A printing apparatus 10 includes a printhead 12 and a pair of spool supports 14, 16, upon which a spool 18, 20 of ribbon 19 may be mounted. The spool supports 14, 16 are rotatable to transfer ribbon 19 from one spool 18, 20 to the other, past the printhead 12 in a ribbon path. Rotation of the spool supports 14, 16 may be controlled by a controller 22 (shown in dotted lines in FIG. 1, since its position relative to other parts of the printing apparatus 10 is irrelevant). The controller 22 may be operable to control drive signals of one or more motors to enable appropriate rotation of one or both spool supports 14, 16 to accurately transfer and position the ribbon 19.

A substrate 24 is transported past the printhead 12 in a substrate path. The substrate 24 may be any material to be printed, for example a packaging material. Movement of the substrate 24 in the substrate path may be controlled by the controller 22. Movement of the substrate 24 may be monitored by the controller 22, for example as the substrate 24 moves through or near the printing apparatus 10. Movement of the substrate may be monitored by the controller 22 even if movement of the substrate 24 is controlled by an alternative controller, for example a controller that is part of the production line apparatus.

Movement of the printhead 12 relative to the ribbon 19 may be controlled by the controller 22. Movement of the printhead 12 may be substantially parallel to the substrate path and/or the ribbon path. Movement of the printhead 12 may be substantially perpendicular to the substrate path and/or the ribbon path, in other words, towards and away from the ribbon and/or substrate.

Movement of the printhead 12 and/or the ribbon 19 and/or the substrate 24 may be bi-directional.

To carry out a printing operation, the printhead 12 is typically moved towards the ribbon 19 from a ready to print position to a printing position.

FIG. 2 shows a portion of ribbon 19, after two printing operations have been carried out in typical fashion. A first image 30 is made up of two lines of alphanumeric text in the example shown, but could be any image, such as a barcode, QR code, or a visual image, for example. The first image 30 and the second image 32 depict ink having been removed from the ribbon 19—in other words they are a “negative” image of what has been printed on the substrate 24, and appear in FIG. 2 as if looking “through” the ribbon 19 from the un-inked side. In the example shown in FIG. 2, the images 30, 32 are both printed in a first orientation relative to the printhead. The images 30, 32 are printed “in line” with the printhead 12. The printhead 12 is oriented substantially perpendicular to the direction of travel of the substrate 24 and the ribbon 19. Each image 30, 32 is oriented in FIG. 2 such that an angle θ between the printhead 12 and an axis A which corresponds with the orientation of the first and the second images 30, 32, is approximately 0° and an angle between the direction of travel of the substrate 24 and the image is substantially 90°.

The first image 30 has a first bounding area 30a which is defined by a dotted rectangle in FIG. 2. A second image 32 has a first bounding area 32a, also shown by a dotted rectangle in FIG. 2.

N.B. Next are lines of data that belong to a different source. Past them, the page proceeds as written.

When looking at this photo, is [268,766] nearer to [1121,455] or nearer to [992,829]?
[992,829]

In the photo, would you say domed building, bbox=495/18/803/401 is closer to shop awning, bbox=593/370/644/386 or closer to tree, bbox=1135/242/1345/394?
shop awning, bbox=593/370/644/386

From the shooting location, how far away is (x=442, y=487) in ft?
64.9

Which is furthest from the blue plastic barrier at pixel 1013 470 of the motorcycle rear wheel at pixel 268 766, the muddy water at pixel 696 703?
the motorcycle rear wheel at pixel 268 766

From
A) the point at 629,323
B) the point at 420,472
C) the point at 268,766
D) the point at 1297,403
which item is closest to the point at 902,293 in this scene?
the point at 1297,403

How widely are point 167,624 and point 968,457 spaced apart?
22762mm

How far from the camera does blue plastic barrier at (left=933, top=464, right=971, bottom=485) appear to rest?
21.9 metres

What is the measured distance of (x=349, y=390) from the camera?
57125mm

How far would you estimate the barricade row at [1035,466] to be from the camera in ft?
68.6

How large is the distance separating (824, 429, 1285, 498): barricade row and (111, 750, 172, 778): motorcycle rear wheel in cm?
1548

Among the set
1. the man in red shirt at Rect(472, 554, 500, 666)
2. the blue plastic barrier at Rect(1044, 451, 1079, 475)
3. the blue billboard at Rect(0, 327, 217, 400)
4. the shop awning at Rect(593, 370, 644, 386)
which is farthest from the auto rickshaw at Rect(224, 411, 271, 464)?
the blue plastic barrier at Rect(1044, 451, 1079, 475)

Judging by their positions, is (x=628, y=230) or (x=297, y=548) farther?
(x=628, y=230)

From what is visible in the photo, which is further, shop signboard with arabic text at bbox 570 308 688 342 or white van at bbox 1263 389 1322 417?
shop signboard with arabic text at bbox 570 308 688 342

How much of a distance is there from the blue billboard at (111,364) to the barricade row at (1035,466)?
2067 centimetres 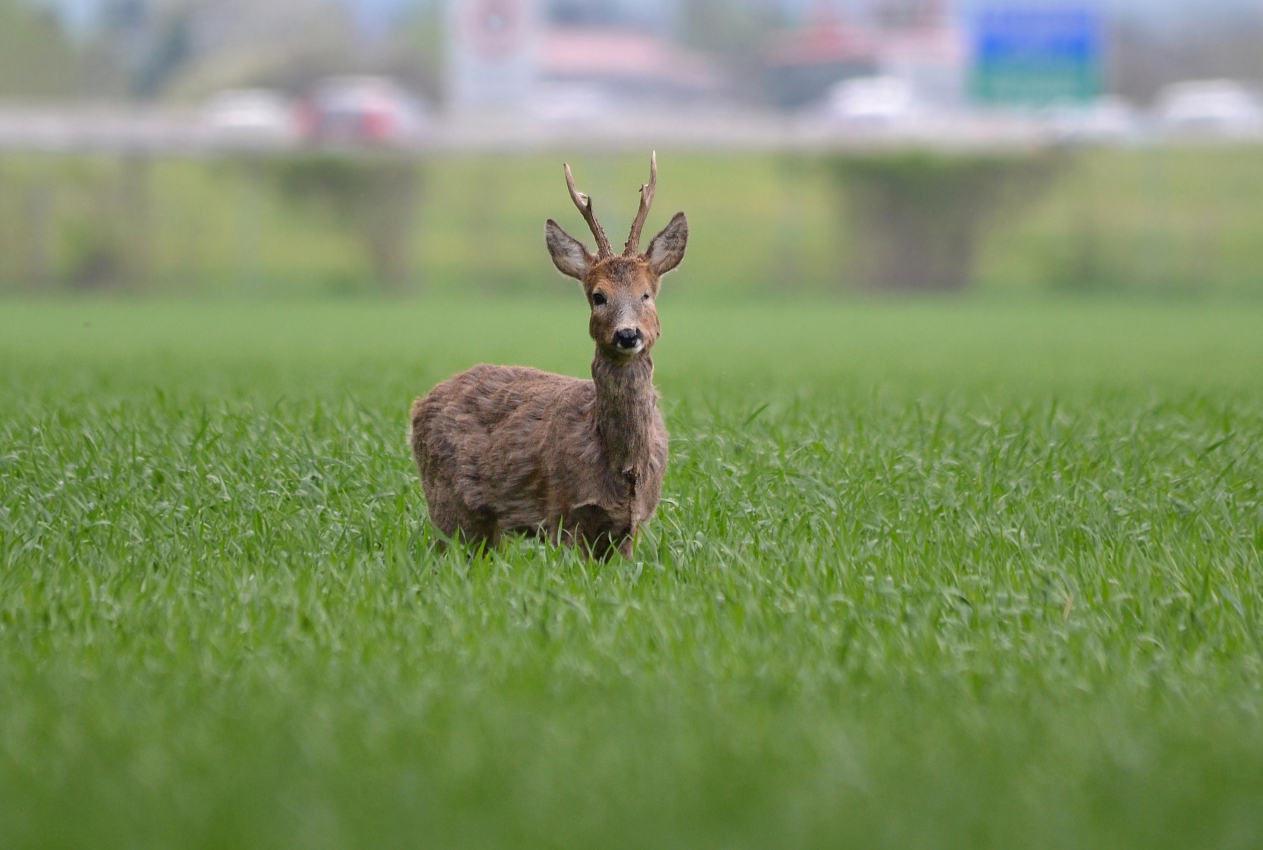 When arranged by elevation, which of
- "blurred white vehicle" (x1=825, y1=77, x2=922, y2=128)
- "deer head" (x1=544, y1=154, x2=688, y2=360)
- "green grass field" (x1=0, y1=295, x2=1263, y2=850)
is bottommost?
"green grass field" (x1=0, y1=295, x2=1263, y2=850)

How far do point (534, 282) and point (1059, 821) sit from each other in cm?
2852

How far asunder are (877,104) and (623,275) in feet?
161

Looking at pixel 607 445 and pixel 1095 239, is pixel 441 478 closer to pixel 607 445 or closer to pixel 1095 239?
pixel 607 445

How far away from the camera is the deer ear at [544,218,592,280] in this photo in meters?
5.70

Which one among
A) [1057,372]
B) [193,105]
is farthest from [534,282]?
[193,105]

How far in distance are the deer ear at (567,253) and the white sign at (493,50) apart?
40.5 metres

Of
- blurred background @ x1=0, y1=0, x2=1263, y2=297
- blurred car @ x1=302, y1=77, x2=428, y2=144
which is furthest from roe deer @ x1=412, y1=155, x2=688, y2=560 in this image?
blurred car @ x1=302, y1=77, x2=428, y2=144

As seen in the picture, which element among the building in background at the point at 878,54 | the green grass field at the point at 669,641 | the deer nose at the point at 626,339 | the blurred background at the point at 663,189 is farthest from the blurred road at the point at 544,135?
the deer nose at the point at 626,339

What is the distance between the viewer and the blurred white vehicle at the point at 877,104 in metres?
46.8

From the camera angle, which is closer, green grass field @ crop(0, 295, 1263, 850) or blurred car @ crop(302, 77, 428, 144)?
green grass field @ crop(0, 295, 1263, 850)

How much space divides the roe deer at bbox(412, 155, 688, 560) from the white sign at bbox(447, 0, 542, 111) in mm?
40237

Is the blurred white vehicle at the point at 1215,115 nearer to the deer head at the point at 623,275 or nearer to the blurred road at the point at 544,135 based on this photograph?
the blurred road at the point at 544,135

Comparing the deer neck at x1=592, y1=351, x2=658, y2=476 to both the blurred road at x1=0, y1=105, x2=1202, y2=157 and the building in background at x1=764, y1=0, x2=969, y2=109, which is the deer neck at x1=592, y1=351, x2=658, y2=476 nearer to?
the blurred road at x1=0, y1=105, x2=1202, y2=157

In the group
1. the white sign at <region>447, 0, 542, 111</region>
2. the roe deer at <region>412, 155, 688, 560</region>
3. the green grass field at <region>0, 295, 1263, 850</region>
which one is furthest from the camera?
the white sign at <region>447, 0, 542, 111</region> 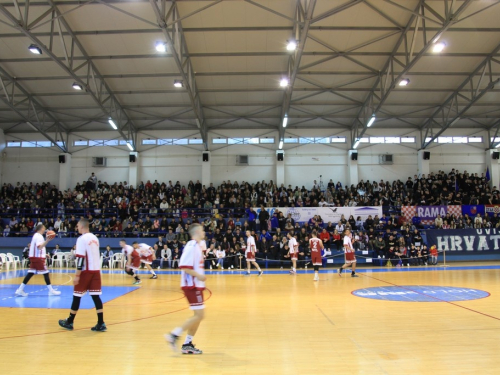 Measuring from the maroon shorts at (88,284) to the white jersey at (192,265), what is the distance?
8.14 ft

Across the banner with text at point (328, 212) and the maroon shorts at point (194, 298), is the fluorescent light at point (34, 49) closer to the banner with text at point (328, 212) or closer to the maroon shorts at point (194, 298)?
the banner with text at point (328, 212)

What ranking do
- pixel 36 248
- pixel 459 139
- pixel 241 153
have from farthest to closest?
1. pixel 459 139
2. pixel 241 153
3. pixel 36 248

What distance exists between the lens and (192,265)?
19.9ft

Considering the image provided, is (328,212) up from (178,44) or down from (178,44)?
down

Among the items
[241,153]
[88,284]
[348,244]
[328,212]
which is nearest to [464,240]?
[328,212]

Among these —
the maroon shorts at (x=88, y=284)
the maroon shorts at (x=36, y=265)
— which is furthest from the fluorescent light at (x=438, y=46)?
the maroon shorts at (x=36, y=265)

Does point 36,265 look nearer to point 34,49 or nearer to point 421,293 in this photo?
point 421,293

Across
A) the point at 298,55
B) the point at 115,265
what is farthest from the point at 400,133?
the point at 115,265

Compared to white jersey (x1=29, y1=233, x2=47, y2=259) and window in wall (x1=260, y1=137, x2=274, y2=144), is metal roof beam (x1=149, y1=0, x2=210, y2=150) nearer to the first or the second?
window in wall (x1=260, y1=137, x2=274, y2=144)

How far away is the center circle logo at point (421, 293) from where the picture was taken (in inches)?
431

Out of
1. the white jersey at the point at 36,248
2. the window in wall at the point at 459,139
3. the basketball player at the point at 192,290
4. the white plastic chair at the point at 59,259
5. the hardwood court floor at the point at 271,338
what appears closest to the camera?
the hardwood court floor at the point at 271,338

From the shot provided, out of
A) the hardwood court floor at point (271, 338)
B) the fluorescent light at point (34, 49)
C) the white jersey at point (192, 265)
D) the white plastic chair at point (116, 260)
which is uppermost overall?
the fluorescent light at point (34, 49)

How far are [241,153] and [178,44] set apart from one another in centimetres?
1427

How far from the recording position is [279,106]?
29.2m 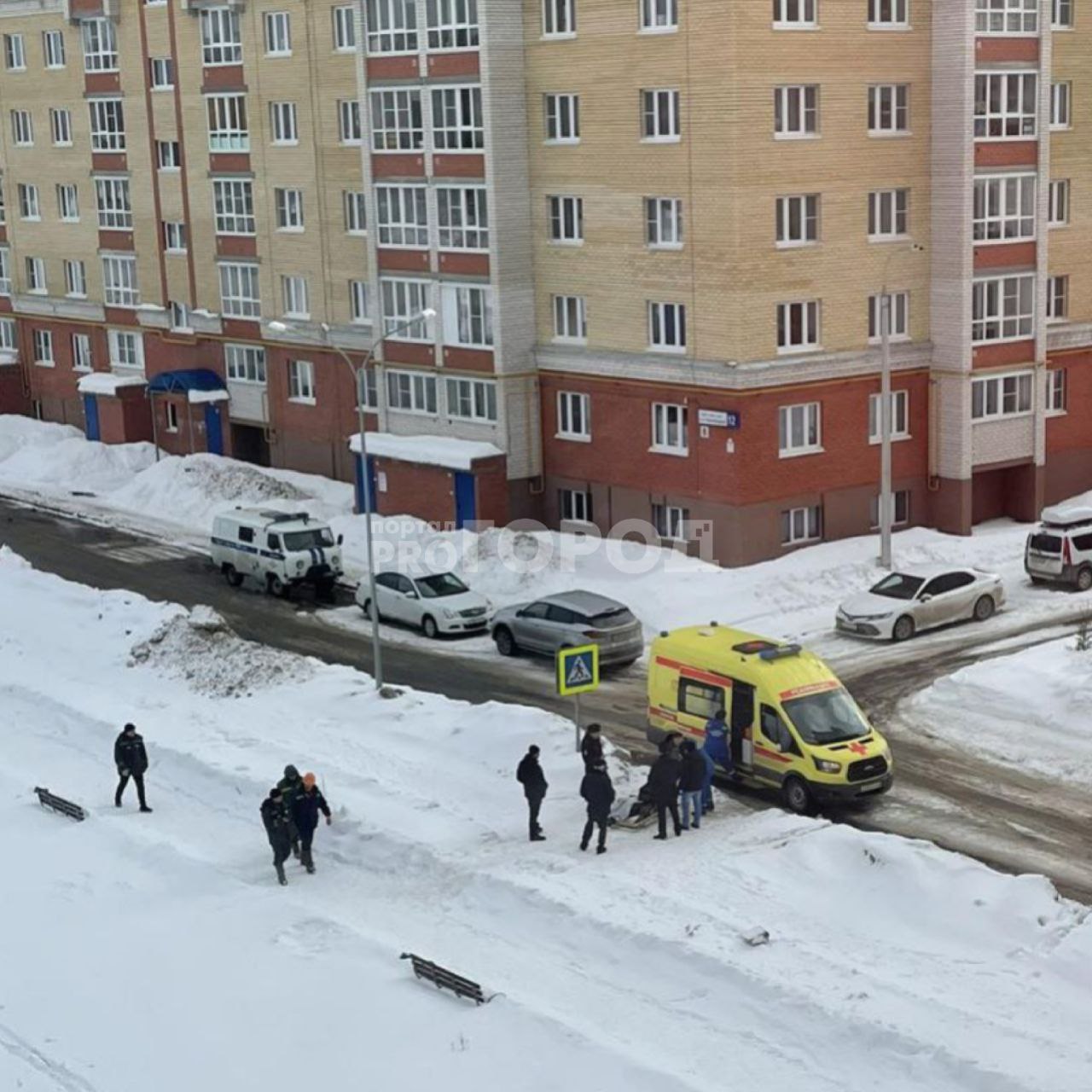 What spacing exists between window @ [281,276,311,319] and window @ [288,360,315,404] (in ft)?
5.16

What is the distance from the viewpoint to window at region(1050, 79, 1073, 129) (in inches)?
1946

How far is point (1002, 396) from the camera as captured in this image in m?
48.4

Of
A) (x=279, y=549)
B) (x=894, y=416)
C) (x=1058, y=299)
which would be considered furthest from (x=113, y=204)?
(x=1058, y=299)

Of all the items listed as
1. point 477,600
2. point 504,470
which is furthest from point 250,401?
point 477,600

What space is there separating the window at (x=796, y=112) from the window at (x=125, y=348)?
31156mm

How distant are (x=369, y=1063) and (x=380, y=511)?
32389mm

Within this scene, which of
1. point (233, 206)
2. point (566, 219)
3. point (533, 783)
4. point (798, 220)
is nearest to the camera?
point (533, 783)

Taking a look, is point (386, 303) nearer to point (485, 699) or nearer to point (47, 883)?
point (485, 699)

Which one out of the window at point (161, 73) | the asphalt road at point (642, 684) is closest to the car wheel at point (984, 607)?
the asphalt road at point (642, 684)

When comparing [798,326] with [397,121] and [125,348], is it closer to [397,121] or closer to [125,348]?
[397,121]

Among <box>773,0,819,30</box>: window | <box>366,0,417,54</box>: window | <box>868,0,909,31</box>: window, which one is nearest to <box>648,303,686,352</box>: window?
<box>773,0,819,30</box>: window

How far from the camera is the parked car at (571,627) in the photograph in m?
38.2

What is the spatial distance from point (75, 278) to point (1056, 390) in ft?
127

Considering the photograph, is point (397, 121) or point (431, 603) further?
point (397, 121) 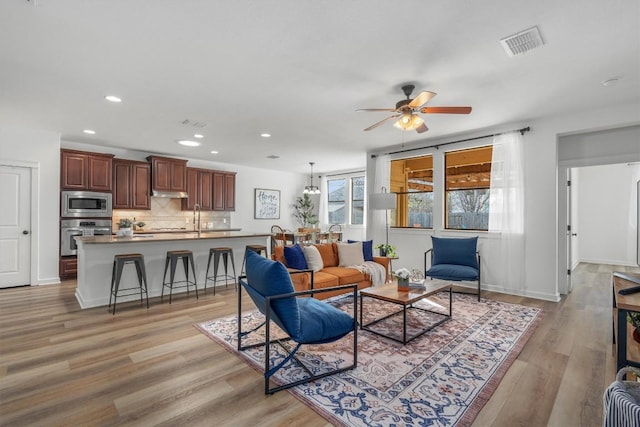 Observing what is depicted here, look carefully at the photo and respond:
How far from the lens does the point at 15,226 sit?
519 centimetres

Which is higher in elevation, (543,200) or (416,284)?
(543,200)

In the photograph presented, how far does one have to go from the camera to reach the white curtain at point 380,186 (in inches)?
256

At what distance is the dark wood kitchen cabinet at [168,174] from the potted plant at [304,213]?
373cm

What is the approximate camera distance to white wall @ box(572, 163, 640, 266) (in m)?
7.45

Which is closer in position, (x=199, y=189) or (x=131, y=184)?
(x=131, y=184)

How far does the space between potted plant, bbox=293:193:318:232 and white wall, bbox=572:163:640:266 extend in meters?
7.31

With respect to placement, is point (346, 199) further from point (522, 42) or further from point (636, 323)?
point (636, 323)

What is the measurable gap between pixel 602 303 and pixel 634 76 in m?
3.02

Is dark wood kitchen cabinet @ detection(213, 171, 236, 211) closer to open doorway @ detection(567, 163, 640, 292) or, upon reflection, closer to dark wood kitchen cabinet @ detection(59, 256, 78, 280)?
dark wood kitchen cabinet @ detection(59, 256, 78, 280)

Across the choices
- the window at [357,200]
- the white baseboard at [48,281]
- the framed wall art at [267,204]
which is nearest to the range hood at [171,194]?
the framed wall art at [267,204]

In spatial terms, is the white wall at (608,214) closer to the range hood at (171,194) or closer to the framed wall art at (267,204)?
the framed wall art at (267,204)

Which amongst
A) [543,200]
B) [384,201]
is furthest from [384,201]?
[543,200]

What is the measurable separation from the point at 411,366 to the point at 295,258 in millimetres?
1977

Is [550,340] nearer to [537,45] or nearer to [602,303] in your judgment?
[602,303] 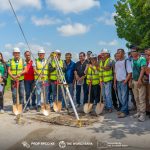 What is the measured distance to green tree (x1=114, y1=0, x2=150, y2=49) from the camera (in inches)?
1073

The first bounding area 30a, 32a of each image to be printed 30, 32 is a bounding area that is associated with the respective image 30, 32 when it is in a first orientation relative to the ribbon 19. The bounding areas 30a, 32a are not printable marks, but are used to determine the outer limits of the respective image 30, 32 in each direction.

It is desirable to carry out printing operations close together on the ribbon 19, to avoid wasting ink and ribbon. As can be seen in FIG. 2, the first image 30 and the second image 32 are printed from the ribbon 19 adjacent one another, and are separated by a print gap g. The print gap g is provided to give confidence that an image will not be printed on a portion of ribbon 19 from which ink has already been removed. The print gap g may be of the order of approximately 0.5 mm. The ribbon 19 may be advanced or moved relative to the printhead 12 between printing operations in order to position the ribbon 19 and the printhead 12 ready for the next printing operation to be carried out.

The advance (movement) of the ribbon 19 relative to the printhead 12 to achieve the desired position of successive “images” (i.e. the areas of ribbon from which ink will be removed) on the ribbon 19, is dependent upon the type of printing operation. In intermittent printing operations, for example, the ribbon is advanced relative to the printhead 12, to present a portion of unused (or sufficiently unused) ribbon to the printhead 12, such that the printhead may carry out the next printing operation. In continuous printing operations, for example, the substrate 24 moves substantially continuously past the printhead 12, and the ribbon 19 may be accelerated, decelerated and its direction of travel may be reversed, to achieve correct positioning. It may be necessary or preferable for the ribbon 19 to be rewound between printing operations, such that the next printing operation removes ink from a portion of ribbon 19 which is as close as possible to a portion of ribbon 19 from which ink has already been removed. It is not essential for consecutive printing operations to remove ink from directly adjacent portions of ribbon—it is known to “interlace” images, for example.

The dimensions of the bounding area may be used to derive the print duration and the distance through which the ribbon 19 should be advanced and/or rewound to accurately position the ribbon relative to the printhead 12 and/or the substrate 24. This distance may be achieved by moving the ribbon 19 in either or both directions. It will be appreciated that the ribbon 19 may overshoot the desired position in either or both directions, and the distance to be determined is the aggregate distance to be moved.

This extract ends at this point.